Blockchain Course – Hashing and Merkle Trees

Objectives and Roadmap

Define a cryptographic hash function
Explain key properties: preimage, second‑preimage, collision resistance, and avalanche.
Build and verify Merkle tree commitments and inclusion proofs; discuss variants and pitfalls.
Understand the relevance of hashing to commit information within blockchain technology.

What Is a Cryptographic Hash Function?

Definition: A deterministic algorithm that maps input of any length → fixed-length digest.
Formally: $h : \{0,1\}^* \rightarrow \{0,1\}^n$
Key properties:
- Deterministic: same input → same output.
- Fast to compute.
- Infeasible to invert (one-way).
- Collision-resistant (no two distinct inputs share same hash).
Output length typically 256 or 512 bits (e.g., SHA-256).

Hash Function Properties

Property	Meaning	Importance
Pre-image resistance	Hard to find input for given hash.	Protects passwords and commitments.
Second pre-image resistance	Hard to find another input with same hash.	Prevents forgery.
Collision resistance	Hard to find any two inputs with same hash.	Ensures uniqueness and integrity.
Avalanche effect	Tiny input change → major output change.	Detects even 1-bit alteration.
Uniform Distribution	Outputs should be uniformly distributed	no structural shortcuts should exist.

Pre-Image Resistance

Definition: Given a hash value $y$, it should be computationally infeasible to find any input $x$ such that $h(x) = y$.
Intuition: Hashing is a one-way street — easy to go forward, practically impossible to reverse.
Example:
- $h(\text{"password123"})$ $\rightarrow$ ef92b778bafe771e89245b89ecbc08a44a4e166c06659911881f383d4473e94f
- $h(\text{"correcthorsebatterystaple"})$ $\rightarrow$ cbe6beb26479b568e5f15b50217c6c83c0ee051dc4e522b9840d8e291d6aaf46
Use Cases:
- Password storage
- Commitment schemes
- Blockchain mining puzzles

Second Pre-image Resistance

Definition: Given one input $x_1$, it should be infeasible to find another distinct input $x_2 \neq x_1$ such that $h(x_1) = h(x_2)$.
Intuition: You can’t find a “different message” that produces the same hash.
Example:
- If $h(\text{"Alice pays Bob \$10"})$ is known,
  an attacker shouldn’t be able to find another message like “Alice pays Mallory $100” with the same digest.
Use Case: Prevents document or transaction substitution attacks.

Collision Resistance

Definition: It should be infeasible to find any two distinct inputs $x_1, x_2$ such that $h(x_1) = h(x_2)$.
Intuition: No two different messages share the same fingerprint.
Example:
- MD5 and SHA-1 are broken because practical collisions have been found.
- SHA-256 and SHA-3 are currently collision resistant.
Use Case:
- Essential for digital signatures, certificates, and blockchains.

Avalanche Effect

A hallmark of good hash and cipher design.
Definition: A small change in the input causes a large, unpredictable change in the output.
Ensures:
- No visible correlation between input and output.
- Robust diffusion — even minimal edits radically alter results.
Demonstration:
- Hash(“HELLO”) → 3615f80c9d293ed7...
- Hash(“HELLo”) → c6f4b0a7af12e91b...

Uniform Distribution of Output

Definition: Hash outputs should be uniformly distributed across the entire output space $\{0,1\}^n$.
Intuition: Every possible digest value is equally likely — no patterns or biases.
Consequences:
- Prevents clustering that could reveal input structure.
- Ensures fair random-like behavior in protocols (e.g., load balancing, mining).
Verification:
- Empirically tested with randomness and correlation tests.
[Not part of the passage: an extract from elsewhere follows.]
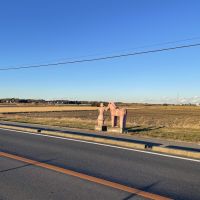 千葉県山武市松尾町木刀の賃貸物件/「芝山はにわ道」の沿道にある埴輪。この通りではぽつぽつと埴輪が立ち、私たちを見守ってくれています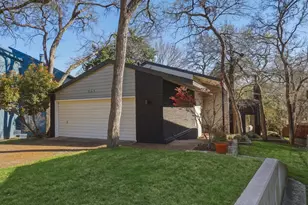 965 Easton Pl, Dallas, TX 75218 - Photo 1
Math Spotlight: Birthday Paradox and Work Factors

Birthday paradox: Collisions become likely far sooner than intuition suggests — only after about $2^{n/2}$ hashes for an $n$-bit output.
- Analogy: only ~23 people are needed for a 50% chance two share a birthday, not 183!
Work factors:
- Collision search ≈ $2^{n/2}$
- Pre-image / Second pre-image search ≈ $2^n$
- Hence: 128-bit collision security ⇒ 256-bit hash output.
Expected collisions:
For $k \ll 2^{n/2}$ random hashes:
$\displaystyle E[\text{collisions}] \approx \frac{k^2}{2^{n+1}}$

Choose digest lengths ensuring $2^{n/2}$ work is infeasible — e.g., SHA-256 or SHA-3.

Micro lab: Hashing

Use the following microlab to demonstrate the principles of hashing using real algorithms

Overall Slide Concept This lab slide establishes a hands-on checkpoint where students can see avalanche, collisions, and output distribution instead of only hearing about them abstractly. It matters here because the lesson has now built enough theory for students to test the ideas interactively. Emphasize that the lab is about observing how secure and insecure hash designs behave differently under the same experiments.
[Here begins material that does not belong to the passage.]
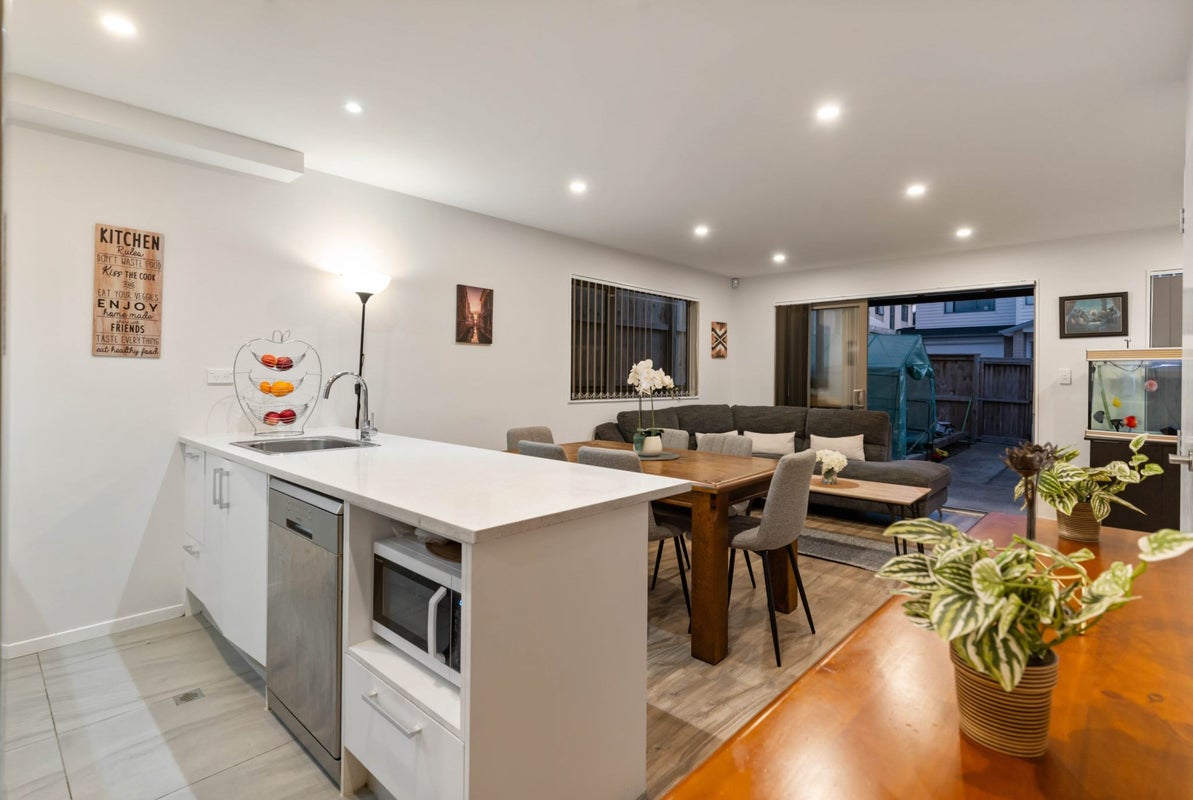89 Thomas Road, Flat Bush, Auckland - Carousel 2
Key Points - Use the lab to compare secure hash behavior with deliberately weak or broken constructions. - Avalanche demos make diffusion visible by comparing nearly identical inputs. - Collision and distribution demos help students connect theory to concrete attack intuition.

Walkthrough 1. Run the avalanche demo on SHA-1 and SHA-256 and compare nearly identical inputs. 2. Switch to MD5 or the built-in collision demo to show how broken or weaker designs fail. 3. Run the uniform-distribution visualizations and compare strong hashes against the homemade example.

Sources [7]; [8]; [5]

SHA Family Overview

Algorithm	Output (bits)	Status	Notes
SHA-1	160	Deprecated	Collisions found
SHA-2	224–512	Secure	Bitcoin uses SHA-256
SHA-3	224–512	Secure	sponge construction

SHA-3 complements, not replaces, SHA-2.
Both widely deployed for integrity, digital signatures, and blockchain linking.
Continuous public evaluation ensures resistance to emerging attacks.

Merkle–Damgård: How SHA-256 is Built

Core idea: compress each message block one at a time, chaining the output into the next round.

Each block is fed into a fixed-size compression function along with the previous output; the final output is the hash.
A length field is appended to the last block (Merkle–Damgård strengthening) to prevent trivial collisions.
Used by SHA-1, SHA-224, SHA-256, SHA-384, SHA-512.

Overall Slide Concept This slide establishes Merkle–Damgård as the iterative compression structure behind SHA-256 and related hashes. It matters here because students are about to see how internal construction details create both strengths and pitfalls. Emphasize that the digest is the final chaining state after processing the padded blocks.

Key Points - Merkle–Damgård hashes process fixed-size message blocks one at a time with a chaining state. - Padding and the appended length field make the final encoded message unambiguous. - Compression function means a fixed-size function that mixes one block and the current state into the next state.

Walkthrough 1. Start from the initialization vector and feed in the first message block. 2. Reuse the resulting state as input to the compression function for each later block. 3. After the final padded block, treat the last state value as the digest.

Sources None

Aside: Length-Extension Attack

Root cause: in Merkle–Damgård, the digest is the final internal state — so it can be used as a starting point to keep hashing.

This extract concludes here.